De acordo com aquele trabalho, o Paraná é o primeiro em ambiente econômico e exibiu avanços nas exportações do agronegócio, na renda per capita, nos dispêndios realizados pelo setor privado em pesquisa e desenvolvimento, na qualidade da rede de comunicações e da malha rodoviária e nos estímulos fiscais direcionados às políticas ambientais.

Merece destaque também, como suporte à impulsão econômica, as múltiplas e pulverizadas incursões da Fomento Paraná, a inserção e presença financeira do BRDE, o poder de interiorização das obras infraestruturais e dos projetos agroindustriais, e a rede de universidades e faculdades estaduais, neste caso para o fortalecimento das vocações e o desenvolvimento das aptidões regionais, principalmente daqueles espaços com menor densidade industrial e indicadores sociais inferiores à média do Estado.

Por fim, a eliminação dos componentes de perturbação e a otimização dos pontos fortes à retomada da escalada econômica do Paraná requerem o acionamento conjugado de, ao menos, três aspectos estruturais e virtuosos. O primeiro diz respeito à concretização de um rearranjo da gestão de curto prazo da macroeconomia brasileira, que promova o controle da inflação, das finanças públicas e das contas externas, e ao encaminhamento das reformas institucionais essenciais à elevação da produtividade da base produtiva nacional.

O segundo ente compreende a perseguição do abrandamento das limitações da capacidade de gasto e investimento público, por meio de programas e iniciativas voltadas à redução estrutural de despesas e melhoria da eficiência arrecadatória. O Tesouro Estadual vem enfrentando percalços financeiros nada desprezíveis, especialmente desde o segundo semestre de 2013, pressionado por algumas fontes episódicas de alargamento de dispêndios, como a impulsão do montante da folha de salários dos funcionários públicos, devido a majorações inerciais, herdadas da gestão antecedente.

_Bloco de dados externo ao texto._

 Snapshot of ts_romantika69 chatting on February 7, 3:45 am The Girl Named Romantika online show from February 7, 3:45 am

Tal restrição foi maximizada com a priorização à educação e a contratação de mais de 17 mil profissionais de ensino, em menos de três anos, a ampliação da jornada extraclasse e a promoção da equalização salarial dos professores com os demais servidores de nível superior do governo do Estado.

O panorama fiscal menos empolgante também sofreu influência do menor incremento do potencial de receita tributária, estimado em mais de R$ 2 bilhões por ano, em decorrência dos efeitos da redução dos encargos federais incidentes sobre as tarifas de energia elétrica (principal fonte de ICMS no Estado), da extinção da contribuição de intervenção sobre o domínio econômico (CIDE), cobrada sobre comercialização de combustíveis, e da queda dos repasses do fundo de participação, provocada pelo declínio da arrecadação do IPI, consequência da diminuição das alíquotas para uma cesta de bens de consumo duráveis e de materiais de construção.

Adicione-se a interferência do exíguo empenho de representantes paranaenses, integrantes da administração federal, nas tarefas de reversão da tendência decrescente das despesas da União no Estado, mesmo com a abundância de propostas e projetos, e obtenção de autorização da Secretaria do Tesouro Nacional (STN) para a liberação dos financiamentos aprovados junto às entidades multilaterais de crédito e ao BNDES.

O endividamento do governo paranaense, estimado em R$ 15 bilhões, compromete menos de 60% da receita corrente líquida, sendo a menor proporção entre as unidades do Sul e do Sudeste brasileiro (exceto Espírito Santo), contra 86,5% em 2010, 78,4% da média nacional, e mais de 150% para Rio Grande do Sul, Minas Gerais, Rio de Janeiro e São Paulo. Por esse indicador, o Estado estaria apto ao recebimento das garantias e autorizações federais para a finalização dos atos de contratação dos empréstimos pleiteados desde o início de 2011, cruciais para a elevação da taxa de investimento público.

Exatamente por isso, o terceiro eixo da reativação econômica sustentada do Paraná repousa na inversão do quadro de tímida influência regional na órbita federal, imprescindível para a implementação de aprimoramentos na oferta de infraestrutura econômica e social, além daqueles vinculados à ciência e tecnologia, com pronunciada presença e participação do setor privado. Só assim será factível a diminuição do Custo Paraná e a ampliação da eficiência produtiva da microeconomia do Estado.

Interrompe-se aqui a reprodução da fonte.